Interestingly, rounding out the debate on military secrecy and press affairs in the past week is the rumblings at the State Department with spokesman P.J. Crowley’s resignation in the wake of comments he made at M.I.T. criticizing the military’s treatment of Private Bradley Manning, accused of leaking U.S. diplomatic cables.
All of this brought me back to a simple moment and experience of being with the demonized “other.” As a photographer, I have had the experience twice of being with a person cast as the other for a period on a day when the demonization meets its high tide. My first experience was meeting Bill Ayers, former member of the Weather Underground and professor at the University of Illinois Chicago (UIC), on election day 2008. The second time was following former Illinois Governor Rod Blagojevich his final day in office for The New York Times. Below my favorite images from both shoots and a bit of back story below each image:
Backstory: “My editor at my agency suggested I might give obtaining a hard to get portrait of Bill Ayers a try. ‘A local kid might have a better shot,’ he advised on the phone a few weeks before the election. I sent Ayers an e-mail and to my surprise he responded not too much time before election day, writing that he had been out of the country and traveled back the Sunday before election day from Asia. We figured out a time to meet mid-morning, near a vacant lot on the near West Side. The first thing he asked me was where I went to high school. We played a few rounds of do-you-know-so-and-so but came up blank. Perhaps a bit more time would have materialized better results, afterall Chicago is the greatest small town on earth, a veritable village. After I took his portrait, he repeated over and over, ‘I am not a terrorist, I am not a terrorist…,’ appearing visibly shaken by the accusation made repeatedly by Sarah Palin in particular with regard to his past as a member of The Weather Underground and the group’s attack on a Pentagon lavatory. The accusation snowballed into an unsuccessful effort to link his past to the candidacy of Barack Obama, which failed in part because Obama was much too young to have taken any role in the bitterness of the Vietnam era.”

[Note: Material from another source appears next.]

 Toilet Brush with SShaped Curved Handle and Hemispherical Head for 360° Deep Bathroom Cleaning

Backstory: “Blagojevich was a talker but his neediness was of the most predictable sort, the vanity trap of the political class. You would never have to interrogate Rod Blagojevich. He gave me a pen, perhaps one of the last if not the last he could give out that said ‘Governor Rod Blagojevich’ while he was still Governor Rod Blagojevich. When we returned from Springfield and arrived at his house, I asked if we could go inside and he said he did not think Patti, his wife, would like that. When he got out of the car, we stayed parked a few minutes and watched as he enjoyed the stake-out, the crush of reporters, photographers, and videographers that surrounded the stairwell to his home as he walked at the pace of a crawl up the steps. He was riding out the publicity to the last moment. Little did we know that would hardly be the last moment.”

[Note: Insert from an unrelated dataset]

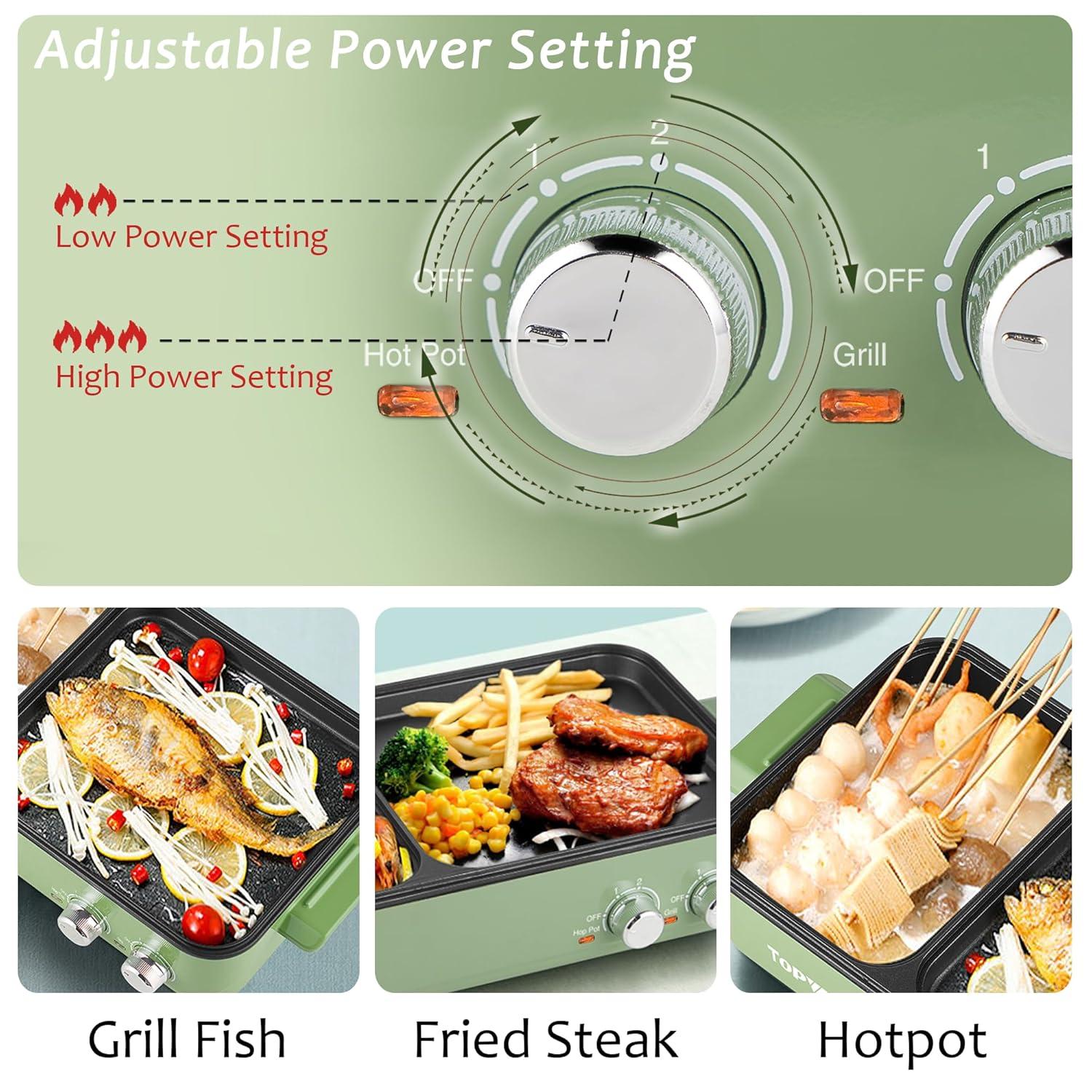 Topwit Hot Pot Electric with Grill, 2 in 1 Indoor Non-Stick Electric Pot and Griddle for Korean BBQ, Steaks, Shabu Shabu and Noodles, Independent Dual Temperature Control, Fast Heating, Green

One last note. The Libyan government is currently believed to be holding four New York Times reporters, among them photographers Lynsey Addario and Tyler Hicks, despite promises of their release made by Saif Qaddafi to ABC News’ Christiane Amanpour. Lynsey’s work has long been an inspiration since I was first introduced to her portfolio. Tyler’s book “Histories Are Mirrors” is an extraordinary visual study in comparative war and the final days of failing regimes. Anthony Shadid and Stephen Farrell are the two reporters; Farrell is British, the others are American citizens. Like many in the journalistic profession and readers of The New York Times, I hope for their release soon. UPDATE: The four New York Times journalists were released to Turkish diplomats in Tripoli, while 13 reporters remain missing according to the Committee to Protect Journalists.